:: Required action ::
The lines below must be transcribed exactly as given, with the images removed.

:: Data extract ::

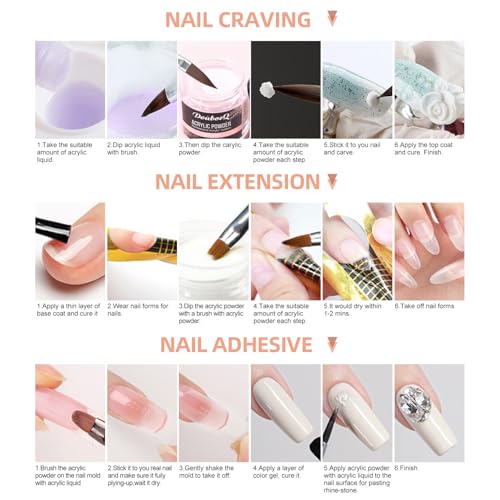 Acrylic Nail Kit With Drill And U V Light Full Nail Kit Set Professional Nail Starter Kit For Beginners Acrylic With Everything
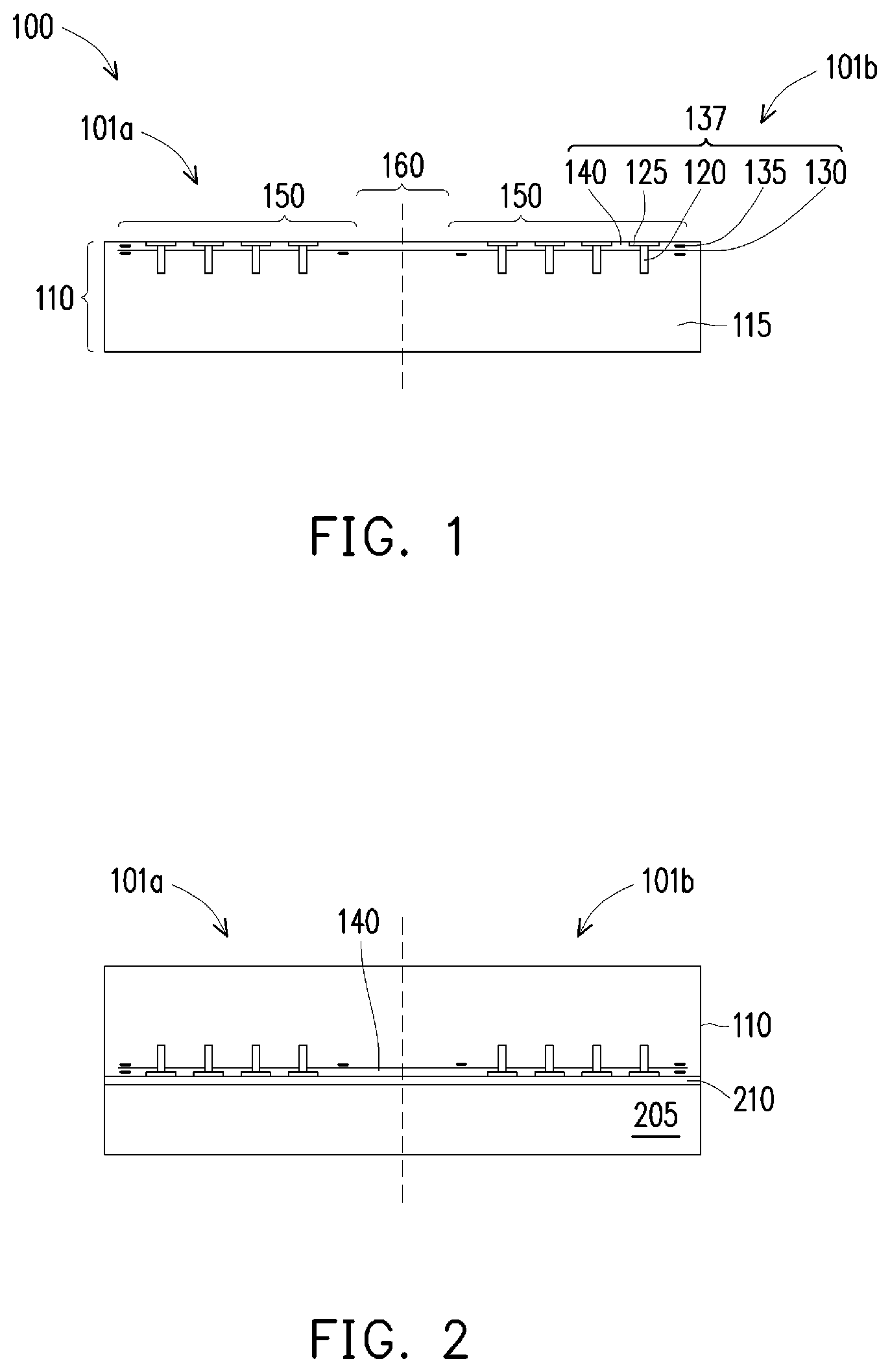 Patent US11854785 — Package structure for heat dissipation — Figure 1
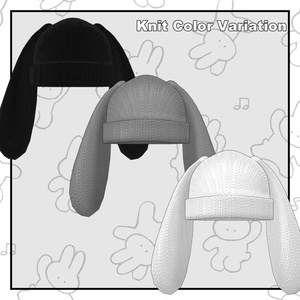 【フォロワー100人記念】Rabbit knit cap🐰 缩略图 3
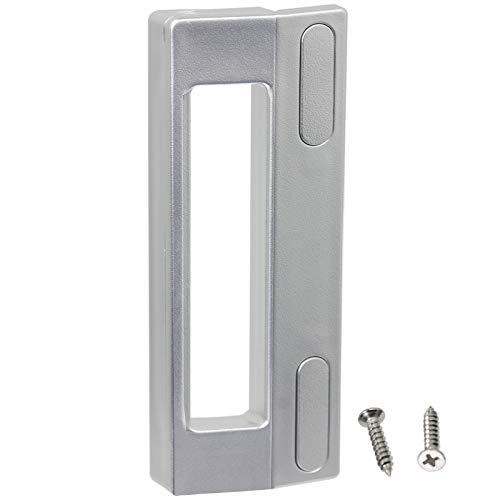 Spares2go - Tiradores universales para puerta de frigorífico o congelador (190 mm), color plateado y gris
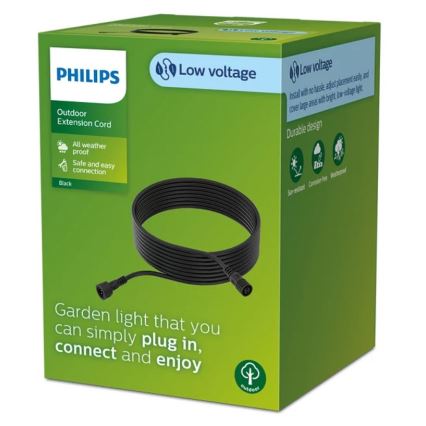 Philips - Jatkojohto ulkokäyttöön 10m IP67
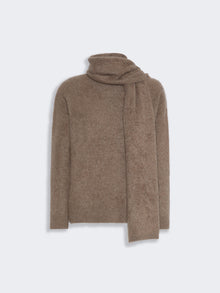 max mara yak yarn sweater with scarf detail for women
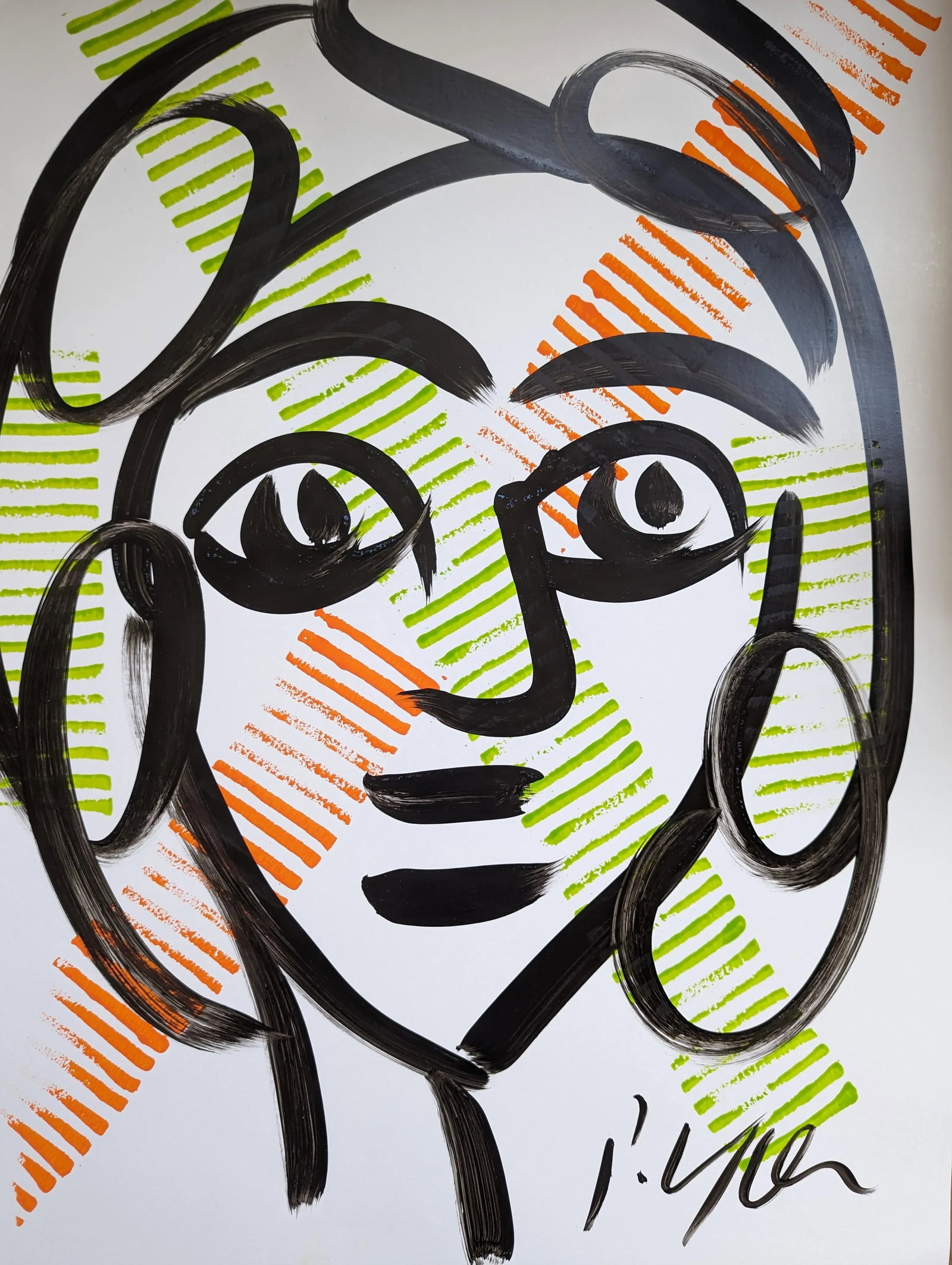 Late 20th Century Peter Keil Abstract Portrait Painting - 2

:: Output for this task ::
 Acrylic Nail Kit With Drill And U V Light Full Nail Kit Set Professional Nail Starter Kit For Beginners Acrylic With Everything
 Patent US11854785 — Package structure for heat dissipation — Figure 1
 【フォロワー100人記念】Rabbit knit cap🐰 缩略图 3
 Spares2go - Tiradores universales para puerta de frigorífico o congelador (190 mm), color plateado y gris
 Philips - Jatkojohto ulkokäyttöön 10m IP67
 max mara yak yarn sweater with scarf detail for women
 Late 20th Century Peter Keil Abstract Portrait Painting - 2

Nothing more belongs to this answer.